General Spirituality

Dealing With Resentment!

Resentment and reaction are deeply interrelated. Resentment is an impassioned reaction, based on a judgment of a person (or the self), where our passions are ignited.

Resentment is a reaction which we hold within ourselves, and allow ourselves to nurture. It comes from and feeds off our passions, from judgment of others. Resentment is judgment and objectification of a person according to his actions which have offended us.

The real key to resolving resentment is to realise that it is not the other person who is causing it, but that it is our own reaction. The actions of the other person may have precipitated the reaction, his words or deeds, his sin; but the reaction to those sins, words or deeds is purely our own.

We can only control what belongs to us; we cannot control another person. It is our decision to allow ourselves to be possessed by our passions and reactions, or to take control over our own lives. It is our decision to take responsibility for our own reactions, or to allow ourselves to be caught in the vicious cycle of blaming the other person, in resentment and self-righteousness.

Blame and resentment lead nowhere, except to bitterness and unhappiness. They make us into helpless victims, which in turn robs us of the power to take responsibility for ourselves.

Resentment comes when we refuse to forgive someone, justifying ourselves by our self-righteous indignation at being hurt. Some of these hurts can be very deep: abuse, abandonment, betrayal, rejection. Sometimes they can be very petty. We keep turning the hurt over and over in our minds, and refuse let it go by justifying our anger. Then we feel justified in hating or despising the person who hurt us. Doing this, we continue to beat ourselves up with someone else’s sin, and compound the other person’s sin by our own resentfulness. We blind ourselves to our own sin, and focus only on the sin of the other, and in so doing, we lose all perspective.

We have to put things into perspective, and realise that the other person’s actions are only part of the equation, and that our own reaction is entirely our own sin. To do this, we have to move towards forgiveness. To forgive does not mean to justify the other person’s sin. It does not mean that we absolve the other person—not hold them responsible for their sin. Rather, we acknowledge that they have sinned and that it hurt us. But what do we do with that hurt?

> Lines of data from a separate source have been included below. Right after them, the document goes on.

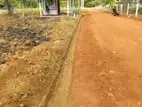 Land for Sale in Maradankadawala Town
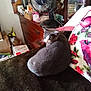 cat, gray_cat, furniture, blanket, pillow, floral_pattern, dresser, fan, indoor, pet, cozy, resting, household_items, wooden_furniture, clutter, mirror, box, cardboard, domestic, relaxation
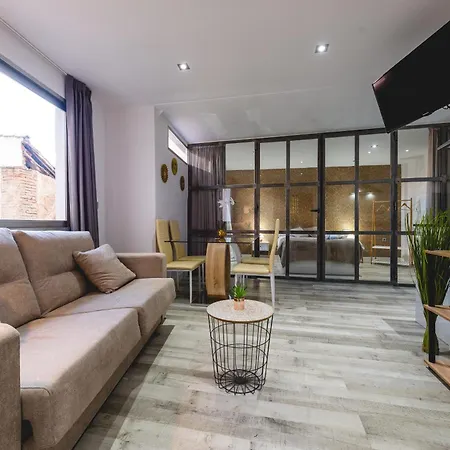 Centro Apartment Granada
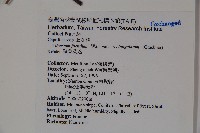 狹葉莢迷藏品圖，第2張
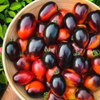 G�rsel 3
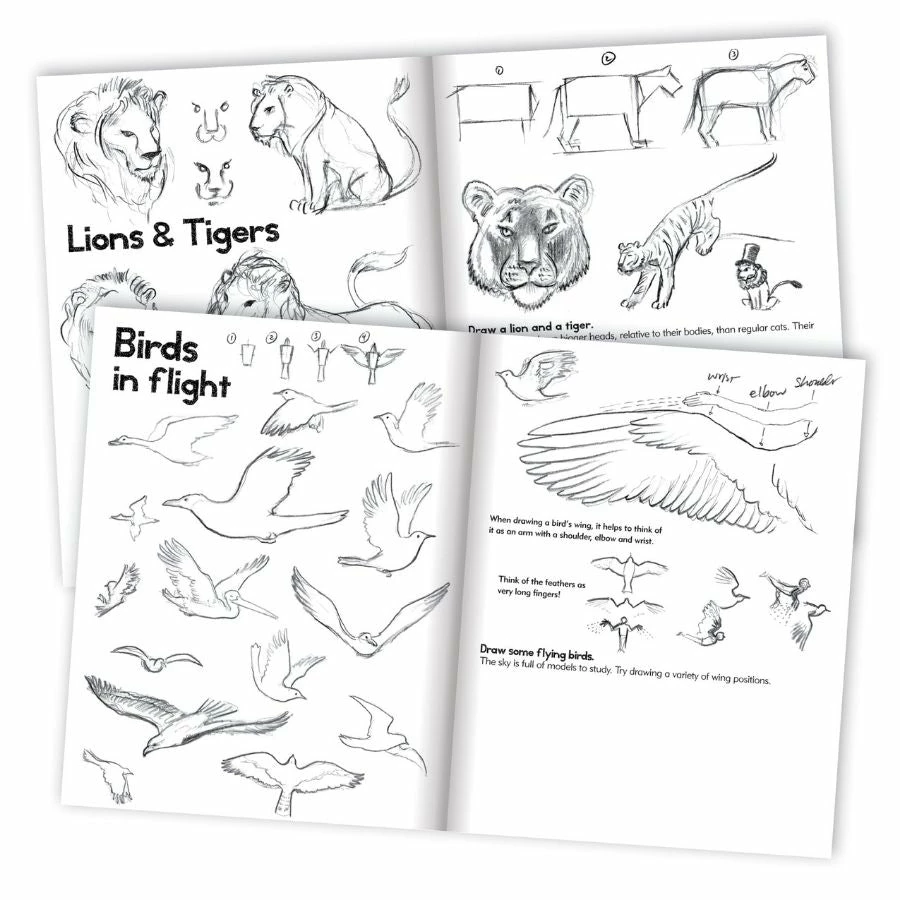 EeBoo - Learn To Draw Animals Book With Kevin Hawkes 4 EeBoo - Learn To Draw Animals Book With Kevin Hawkes - Image 2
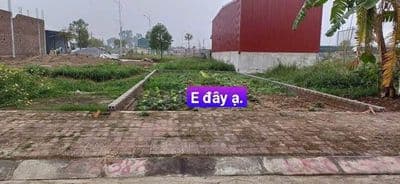 Bán đất LK3-21 Dt 90m² Trung tâm Chí Minh Khoái Châu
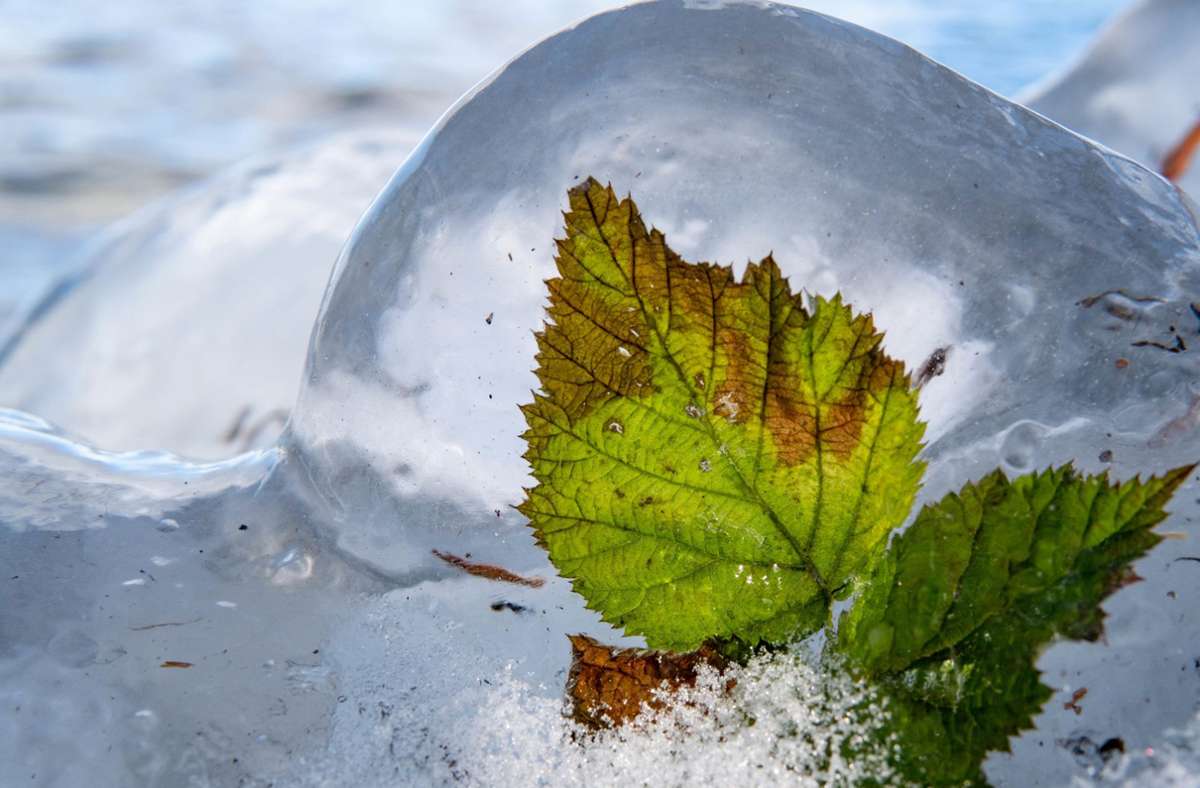 Am Plöner See  in Schleswig-Holstein sind  Blätter vollständig von Eis eingeschlossen.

If we resent, we turn it against ourselves. But if we forgive, we accept the person for who he is, not according to his actions; we drop our judgment of the person. We realise that he is a sinner just like me. If I am aware of my own sins, I can never judge anyone.

We can begin to love him as we love ourselves, and excuse his falling short as we forgive ourselves. It helps when the person who hurt us asks for forgiveness, but it is not necessary. We must always forgive: not only because God forgave us; but also because we hurt ourselves by refusing to forgive.

Our resentments can also be extremely petty. Sometimes we resent because we cannot control or manipulate someone to behave according to our expectations. We become resentful of our own frustration, where the other really had nothing to do with it.

All our expectations of other people are projections of our own self-centeredness. If we can let other people simply be who they are, and rejoice in that, then we will have tremendous peace!

We have to be watchful over ourselves, so that we do not allow ourselves to project our expectations on others, or allow resentment to grow within us. This kind of awareness, watchfulness, is nurtured by the practice of cutting off our thoughts and practicing inner stillness. By this, we practice cutting off our reactions, which all start with thoughts. We can come to see what is our own reaction, and what belongs to the other.

Eventually, we see that our judgment of the other is really about ourselves, our own actions, words, attitudes and temptations, which we see reflected in the other person. To face this means to face our own hypocrisy, and to change. If we judge and condemn someone for the same sins, thoughts, words and deeds that we have ourselves, then we are hypocrites. We must repent from our hypocrisy. This is real repentance: to recognize and acknowledge our own sin, and turn away from it towards God and towards our neighbour.

We have to see how our sins distract us from loving our neighbour, and from loving God. Our love of our brother is the criterion of our love of God. St John tells us, How can we love God whom we have not seen, if we can’t love our neighbour whom we can? If you say that you love God and hate your brother, you are a liar. If we love God, then we will forgive our neighbour, as God has also forgiven us.

The conscious awareness of our own reactions and judgments, of our attachment to our passions of anger and our own will, is the first level of spiritual awareness and  watchfulness. We have to move beyond self-centeredness (oblivious to others), to becoming self-aware, aware of our own inner processes through watching our thoughts and reactions.